The documents and memorandum were unsealed by Maine court officials as part of a legal challenge to the state’s financial disclosure laws. The courts must also determine whether NOM, the nation’s largest opponent of same sex marriage, must release the names of donors to its 2009 campaign that successfully banned gay marriage in the Pine Tree State.

“With the veil lifted, Americans everywhere can now see the ugly politics that the National Organization for Marriage traffics in every day,” said Joe Solmonese, the president of the Human Rights Campaign (HRC), the nation’s largest LGBT rights organization.

“While loving gay and lesbian couples seek to make lifelong commitments, NOM plays racial politics, tries to hide donors and makes up lies about people of faith,” added Solmonese.

Julian Bond, the former chairman of the National Association for the Advancement of Colored People (NAACP) also denounced NOM’s strategy.

“NOM’s underhanded attempts to divide will not succeed if Black Americans remember their own history of discrimination,” condemned Bond, a veteran of the 1960s Civil Rights Movement. “Pitting bigotry’s victims against other victims is reprehensible; the defenders of justice must stand together.”

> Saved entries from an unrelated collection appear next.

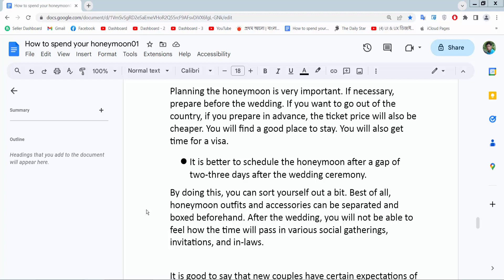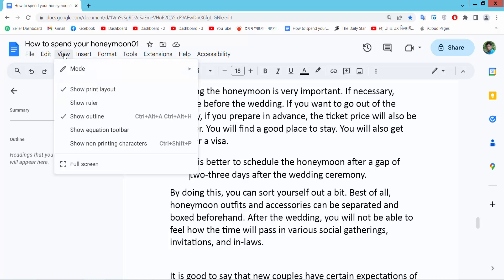Hello everyone, today I will show you how to decrease bullet point indent in Google Docs. Open your Docs file. To get started, select View, then Show Ruler.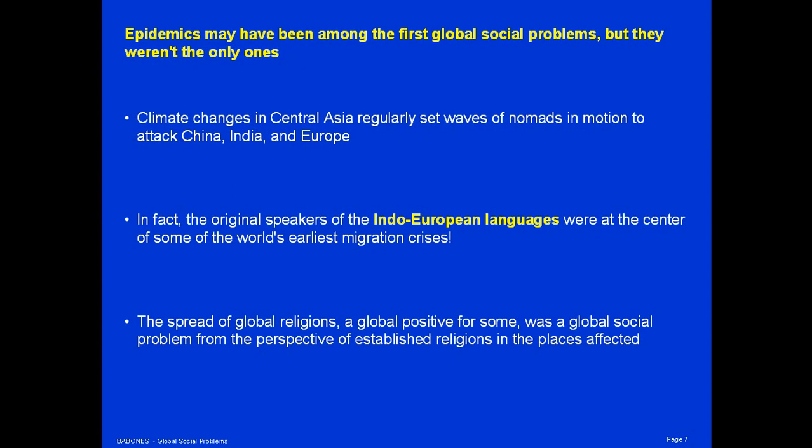Epidemics may have been among the first global social problems, but they weren't the only ones. Climate change in Central Asia regularly set waves of nomads in motion, immigrating or attacking — depending on your perspective — China, India, and Europe at the same time. In fact, the speakers of Indo-European languages, languages like English, French, and German, were at the center of some of these earliest migration crises.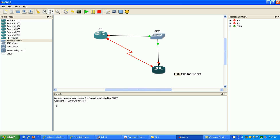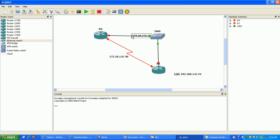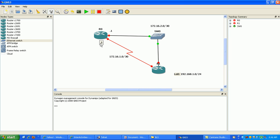We're going to run EIGRP as our dynamic routing protocol. The network over the fast Ethernet is going to be 172.16.2.0, and the serial point-to-point link is going to be 172.16.1.0.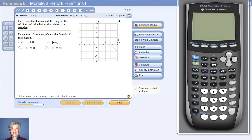Hi, this is your math professor Barbara Rademacher and now we're going to look at functions and relations in terms of graphs.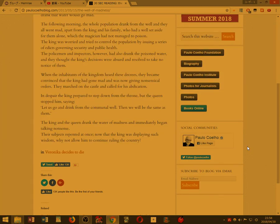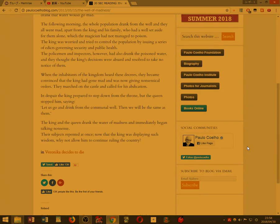The king and the queen drank the water of madness and immediately began talking nonsense. Their subjects repented at once. Now that the king was displaying such wisdom, why not allow him to continue ruling the country?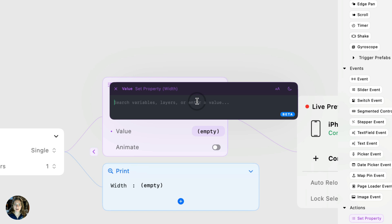Now that we've talked about how the expression editor looks, let's talk about how it behaves. You're going to type in something — give the expression editor an input — and it's going to return a value. That output is going to be one of three types: it can either be a number (positive, negative, whole number, or decimal), a string (a word, phrase, or character), or a boolean, which can either be true or false.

Brian Brown, the president of NOM, refused to back down from his organization’s opposition to marriage equality for all Americans. “Gay marriage advocates have attempted to portray same-sex marriage as a civil right,” said Brown. “This claim is patently false.”

“Gay marriage is not a civil right, and we will continue to point this out in written materials such as those released in Maine,” Brown added.

“We proudly bring together people of different races, creeds and colors to fight for our most fundamental institution: marriage.”

Same-sex marriage supporters have gotten the issue placed on Maine’s November ballot. Although the court-released documents contain detailed information on NOM’s Maine campaign, they do not list the names of financial donors, among them three who contributed over one million dollars each in 2009 to defeat gay marriage.